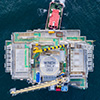Ariel view of an offshore substation  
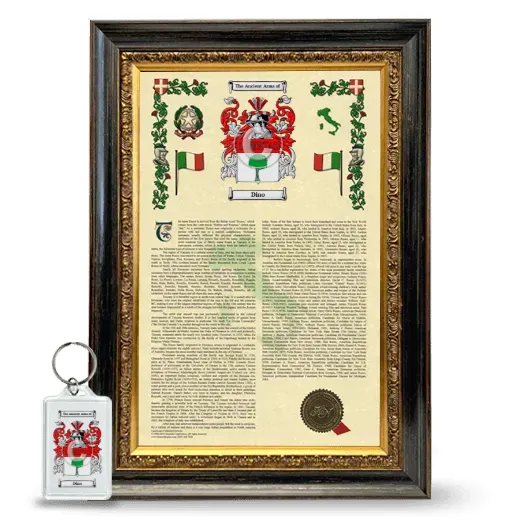 Dino Framed Armorial History and Keychain - Heirloom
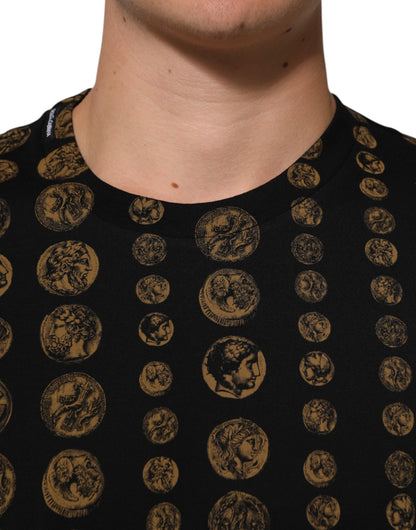 Dolce & Gabbana Schwarzes Baumwoll-T-Shirt mit Rundhalsausschnitt und Münzdruck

# EXERCISE BRIEF
Strip the images and return the remaining data exactly.

# RESULT OF THE EXERCISE
Ariel view of an offshore substation  
 Dino Framed Armorial History and Keychain - Heirloom
 Dolce & Gabbana Schwarzes Baumwoll-T-Shirt mit Rundhalsausschnitt und Münzdruck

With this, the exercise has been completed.